О нем пишут как о «варварской музыке». Вот строки поэта:
Он подобен земле, большой горячий желудок. Это — натуральная вселенная. Это — Аппел.Сперва вы склонны иронизировать и даже возмущаться. Но повторяю — терпение хороший судья. Во-первых, как там ни остри, но два длинных яйцеподобных лица — это действительно двойной портрет профессора Лупеску и Мишеля Танье, но которому нельзя не почувствовать человеческие индивидуальности. Во-вторых, комочек вихрей («Долли», 1962) — это настоящая собака. В-третьих, все это дано в вихревом движении; поразительная чистота и цельность этих красок, не знающих нюанса, — букет их сам по себе отраден зрению; и хотите вы или нет, — стихийный мир Аппела притягивает вас. Карел Аппел в Голландии, и этом классическом царстве реалистической живописи, занял свое место, каким бы он ни казался странным.

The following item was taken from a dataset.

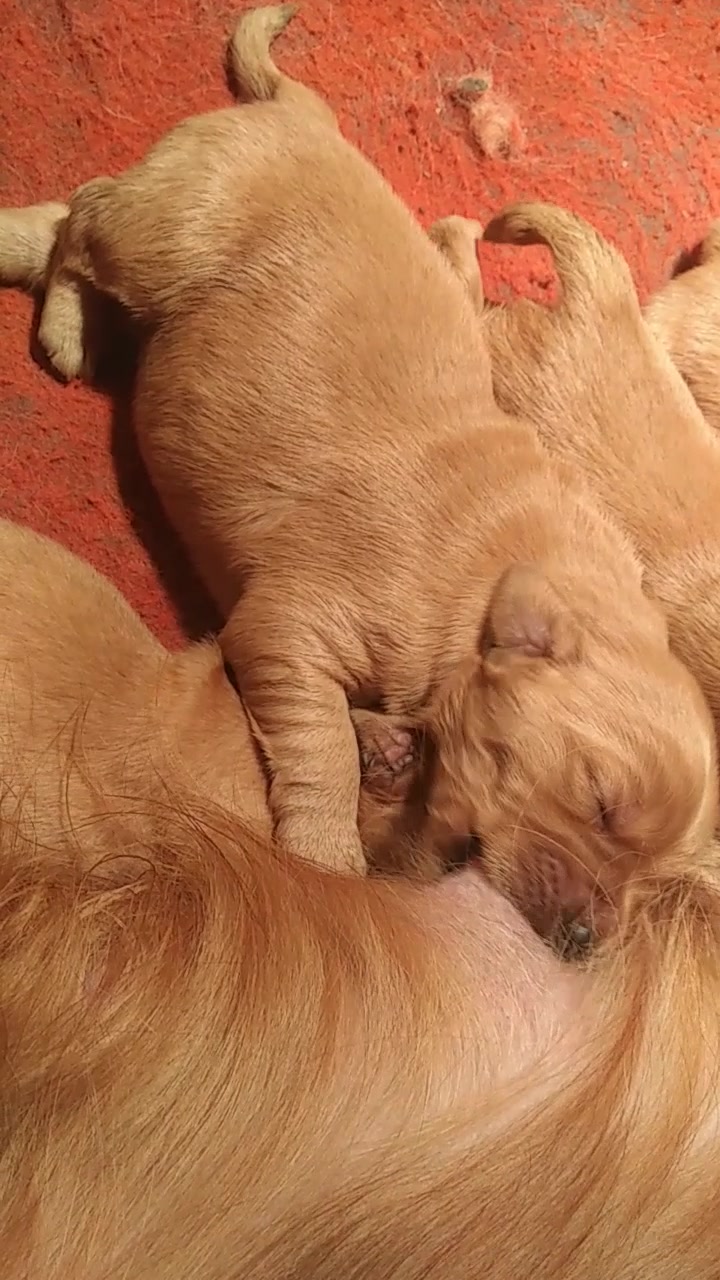 【小金毛】吃奶奶～_哔哩哔哩_bilibili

Уже под конец дня я вернулась из Амстердама в Гаагу, с грустью чувствуя, что не удалось ни повидать Лейдена, ни порыться у букинистов, ни поглядеть в архивах первые издания Яна Амоса Коменского и квартетов Мысливечка. Гаага в этот вечер жила дипломатическими приемами, и белые ее особняки светились ажуром своих окоп.
Я уже боялась, что мне ничего другого, кроме прогулки по этим чинным, немым улицам, не предстоит, как друзья предложили проехаться — совсем недалеко, в предместье Гааги, чтоб посмотреть «еще один…дам».
На войне с немецкими фашистами, 10 мая 1940 года, отличился один молодой голландец, почти мальчик, — Жорж Ляйонель Мадуро. Он был командиром небольшого взвода зеленой молодежи. Набросав смелый план захвата занятой немцами за рекой Флит виллы Левенбург, он с необычайной отвагой, во главе своего взвода, выполнил этот план, бросившись в атаку и захватив в плен немцев. Ему присужден был посмертно рыцарский диплом. Но этот погибший смельчак был единственным сыном у своих родителей. Как увековечить память его? Как сделать, чтоб их мальчик, гордость их, остался жить в памяти у голландской молодежи, продолжал бы приносить пользу родному народу? Только родительские сердца и только, пожалуй, в Голландии могли найти поразительный ответ на такой вопрос.